I asked the White House for more details and was directed to contact the Department of Homeland Security. Their response? “For now, we’re letting the content of the Executive Order speak for itself.”

Translation: DHS doesn’t yet know how this will work, either. It’s a good reminder that for all the “directing” that an executive order says it does, the actual implementation of those orders isn’t quite so easy or straightforward. I’m reminded of what our senior editor Andrew Ferguson wrote in THE WEEKLY STANDARD in November, repeating William Safire’s account of Richard Nixon’s frustrated efforts to do away with an anachronistic government body:

As Pastor Niemöller would have said if he were an organizational consult­ant, first they came for the Tea-Tasters. The federal Board of Tea-Tasters was a panel of civil servants that beginning in 1897 met annually to taste and approve imported tea, for reasons no one could any longer recall. The Food and Drug Administration screened imported tea, too. In a presidential message to Congress in 1970, Nixon cited the board as an almost comical redundancy, a textbook case of a government institution that had long ago outlived its purpose and survived solely by inertia. Or so Nixon and his men thought. After Nixon singled out the tea tasters for dismissal, as Safire tells it, a handful of congressmen emerged in their defense, doing the bidding of tea importers who had a vested interest in the board. A Nixon ally in Congress introduced a bill to kill the tea tasters—only figuratively, of course—but it died in committee.
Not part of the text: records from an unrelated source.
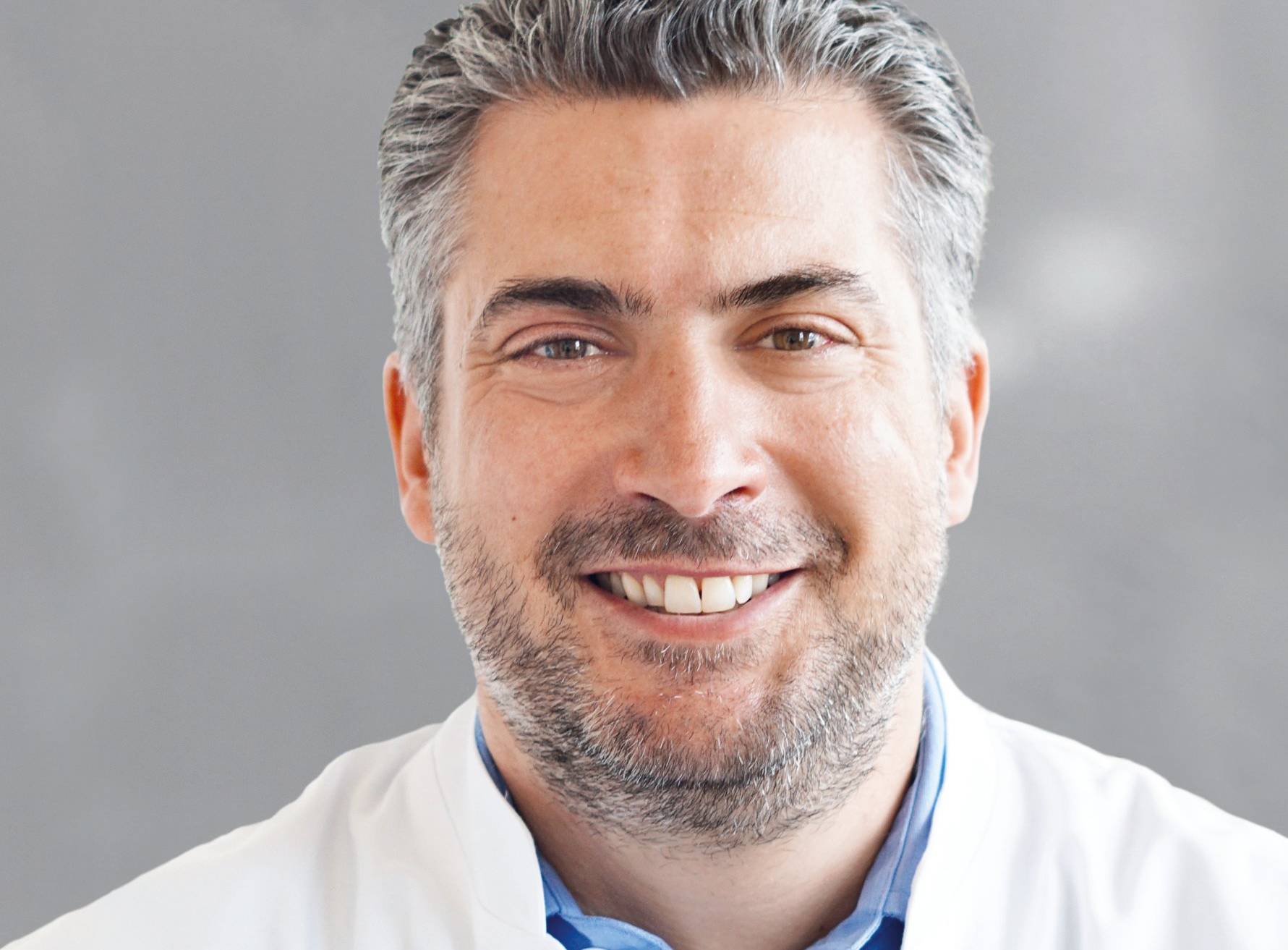  Chefarzt Hendrik W. Keller. 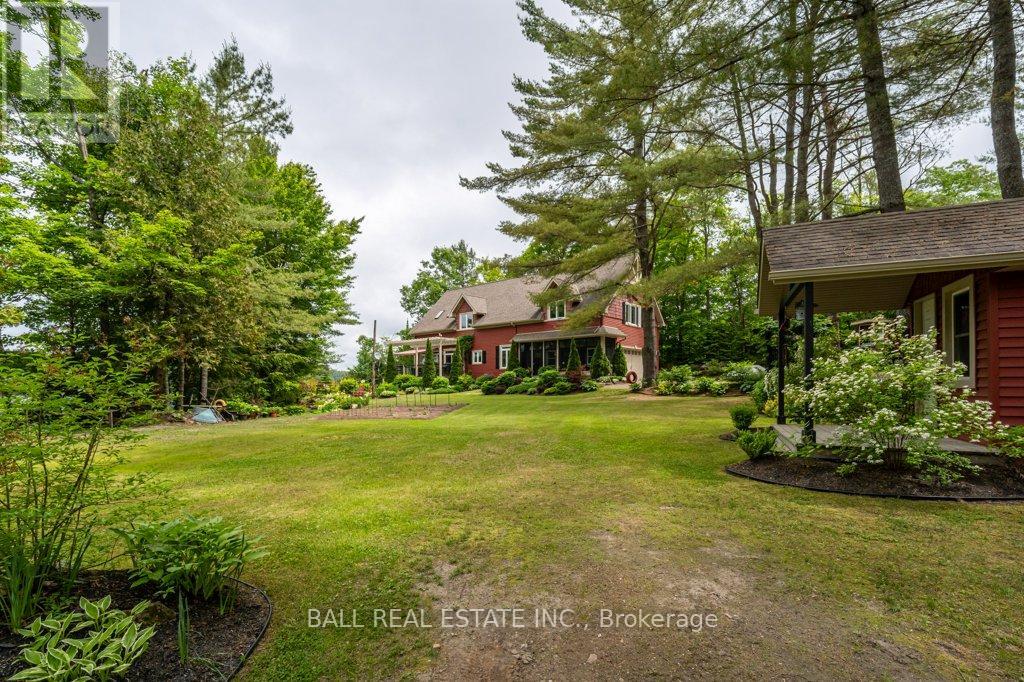 32 SHADOWOOD LANE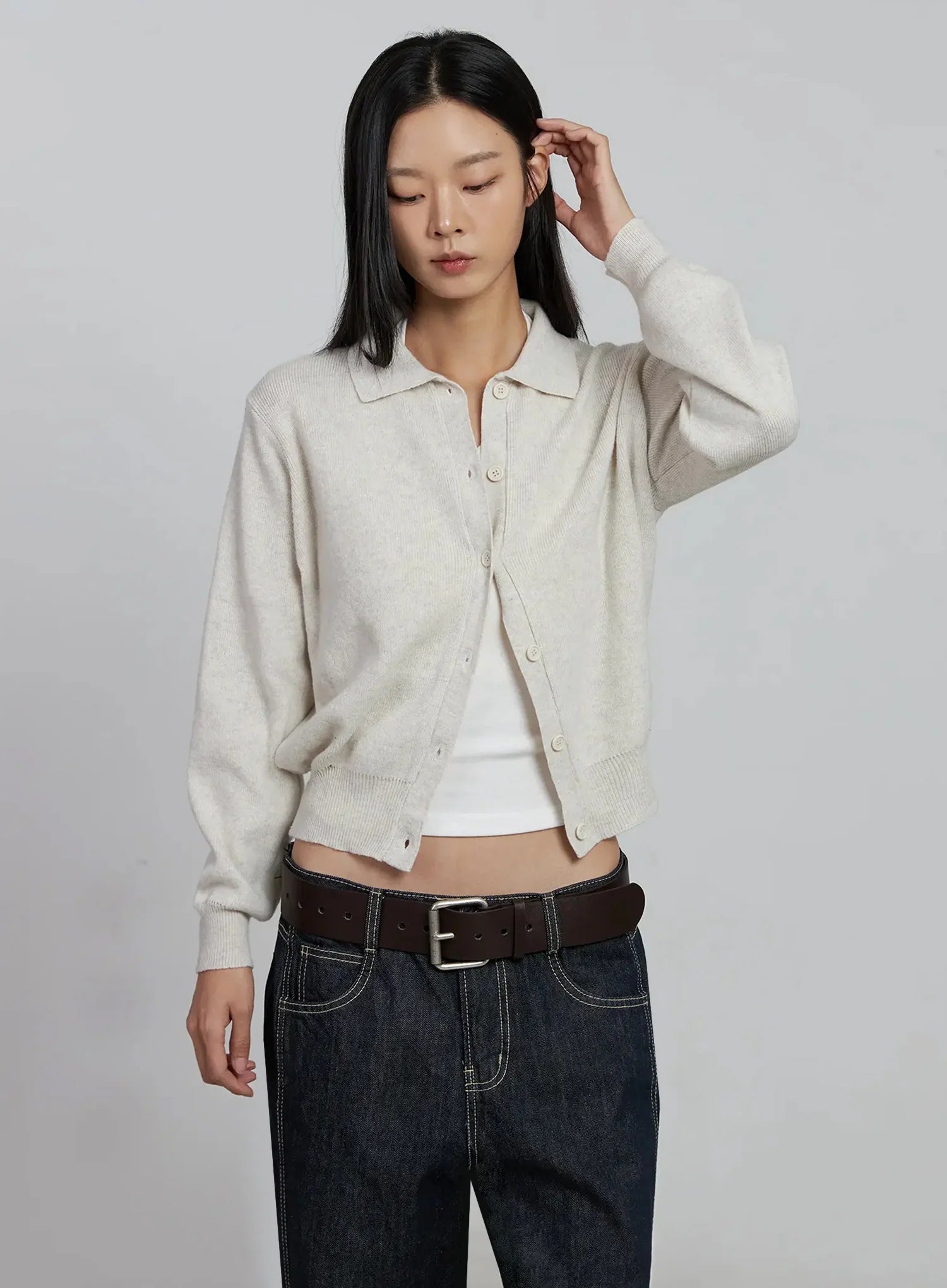 classic-collar-knit-cardigan-im520 / Light beige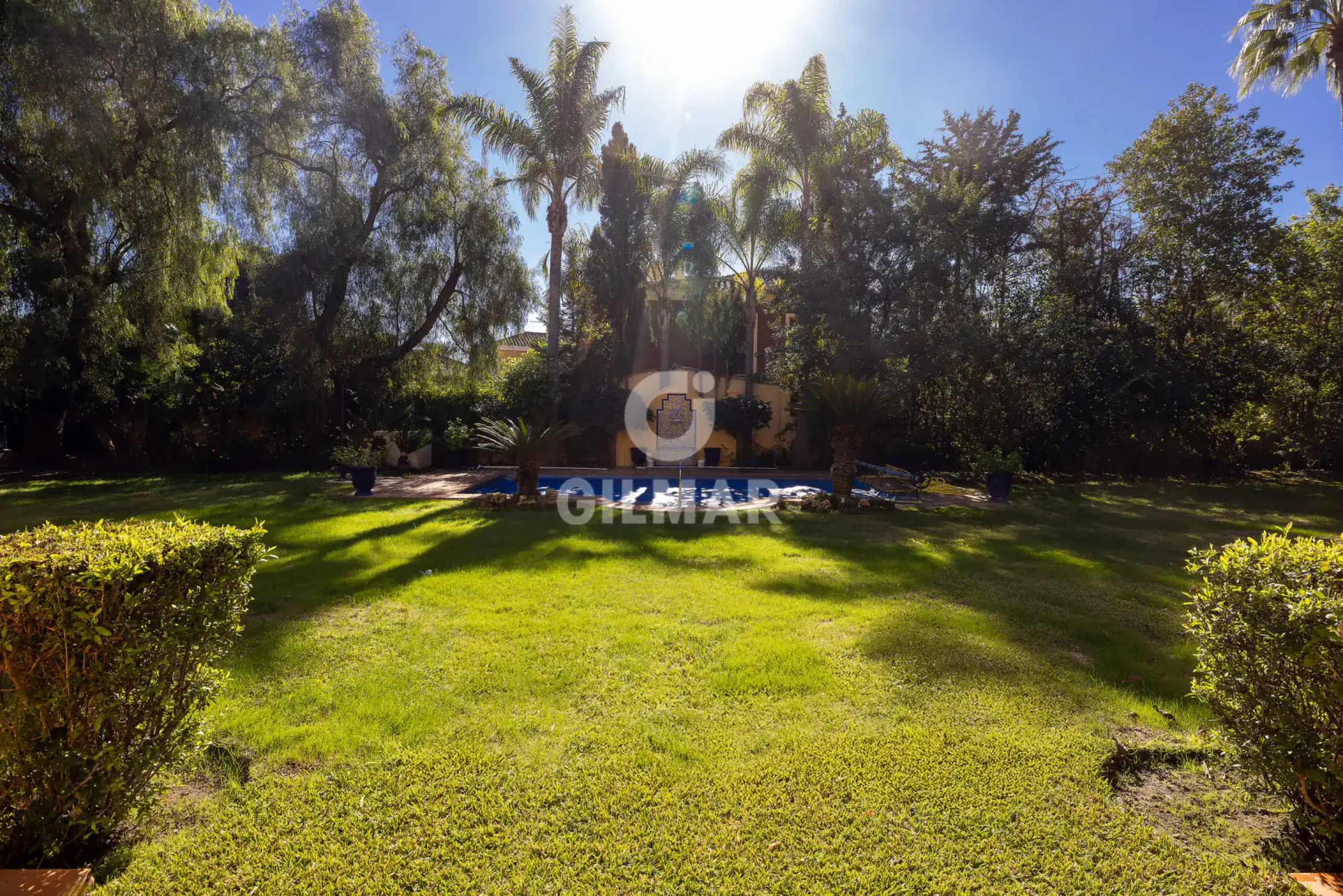 Chalet Independiente en Estepona Este - Málaga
Lawsuits were filed against the executive branch, and the threat of a writ of mandamus forced the president to reinstate the board. There’s a happy ending, though. Congress did vote to defund the board, and it died a quiet death—in 1996. This was more than a quarter-century after Nixon first tried to shut it down and two years after the former president himself sipped his last cup of oolong.

She Made It After All

TV’s Mary Tyler Moore died Wednesday at the age of 80. Moore was the star of two popular sitcoms—The Dick Van Dyke Show and The Mary Tyler Moore Show—as well as the MTM production company. At the New York Post, John Podhoretz has written an excellent tribute to Moore that’s worth a read. And you can watch the Mary Tyler Moore episode that Podhoretz calls the “single greatest sitcom episode” here.

John Kerry’s Final Insult

The Trump administration is taking a look at a transfer last week by the outgoing Obama administration of hundreds of millions of dollars to the Palestinian Authority. Our reporter Jenna Lifhits has the details on what has Republicans in Washington upset about the last-minute transaction:

Former Secretary of State John Kerry cemented the $221 million transfer in the administration’s final hours and informed Congress of it early Friday, triggering anger on Capitol Hill and a statement from the Trump administration that they would be examining all expenditures. Details of the transfer remain hazy, sources told TWS, including the intended use, final destination, and whether it has been completed. The State Department told TWS the money was supposed to go through the U.S. Agency for International Development and be used for Gaza recovery programs, and that the transfer is in review. “The Department of State is currently reviewing last minute spending approved by the previous administration and will make adjustments if needed to ensure that it aligns with the priorities of the Trump-Pence administration,” Acting State Department spokesman Mark Toner said in a statement.

Song of the Day

“Whipping Post,” by the Allman Brothers Band.